But in an industry where cheap labor is an essential component in providing inexpensive food, a shortage of workers is changing the equation upon which fast-food places have long relied. This can be seen in rising wages, in a growth of incentives, and in the sometimes odd situations that business owners find themselves in.
This is why Jeffrey Kaplow, for example, spends a lot of time working behind the counter in his Subway restaurant in Lower Manhattan. It’s not what he pictured himself doing, but he simply doesn’t have enough employees.
Mr. Kaplow has tried everything he can think of to find workers, placing Craigslist ads, asking other franchisees for referrals, seeking to hire people from Subways that have closed.
Yet there he was during a recent lunchtime rush, ringing up veggie footlongs and fountain drinks. He feared that if the line grew too long, people might get frustrated and not come back.
“Every time there’s a huge line, the next day the store is nowhere near as busy,” he explained later as he straightened tables and swept up crumbs.

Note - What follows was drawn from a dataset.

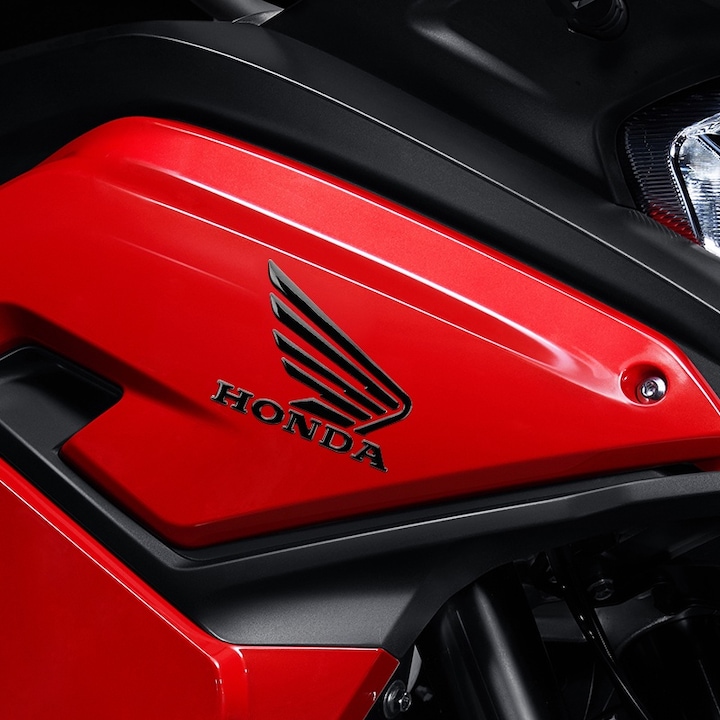 Set 2 Stickere 3D, Honda Moto, Negru, 7.4x5.8cm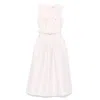 Self-portrait Taffeta Tailored Midi Dress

Across the country, Keith Miller, another franchisee, is dealing with the same problem. “What employees? We don’t have them anymore,” joked Mr. Miller, who can’t find enough workers for the three Subways he owns in Northern California.

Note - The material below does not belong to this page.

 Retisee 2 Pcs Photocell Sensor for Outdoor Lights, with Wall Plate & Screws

Since 2010, fast-food jobs have grown nearly twice as fast as employment over all, contributing to the economic recovery. But rapid growth has created new problems. Some say restaurants have grown faster than demand, causing a glut of competition that is another source of pressure on business owners.

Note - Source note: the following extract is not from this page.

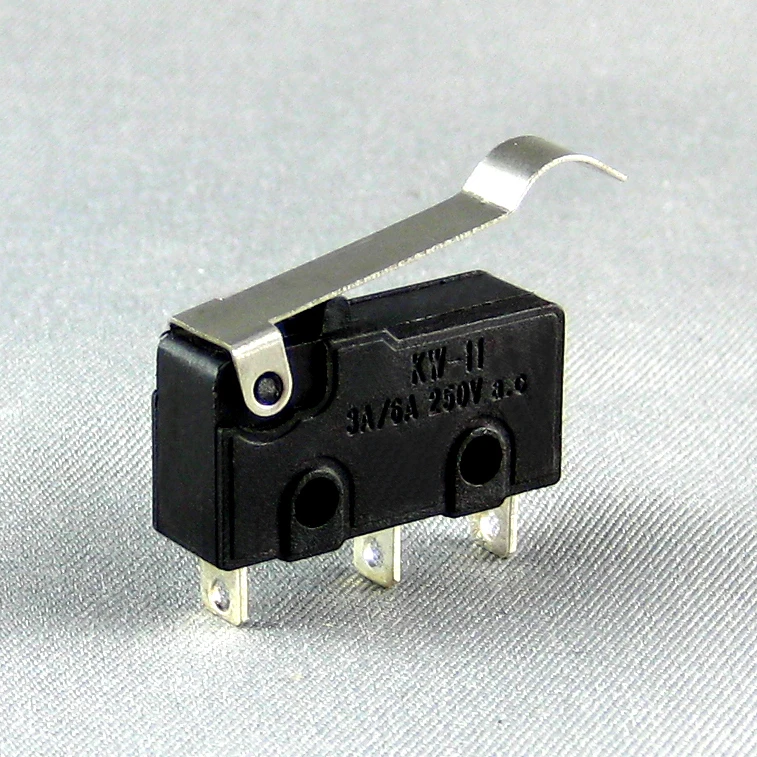 Miniature Limit Switch with Lever 3A 5A 3pins Micro Switch for Vacuum Cleaner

Restaurant owners are also worrying about increased immigration enforcement: Nearly one in five workers are foreign-born.
With unemployment at a 17-year low, businesses everywhere are struggling to find workers. Fast food is feeling the pinch acutely, especially as one important source of workers has dried up. In 2000, about 45 percent of those between 16 and 19 had a job — today it’s 30 percent.
“We used to get overwhelmed with the number of people wanting summer jobs,” Mr. Miller said, adding that he now gets maybe a handful of such applications, at most. “I don’t know what teenagers do all summer.”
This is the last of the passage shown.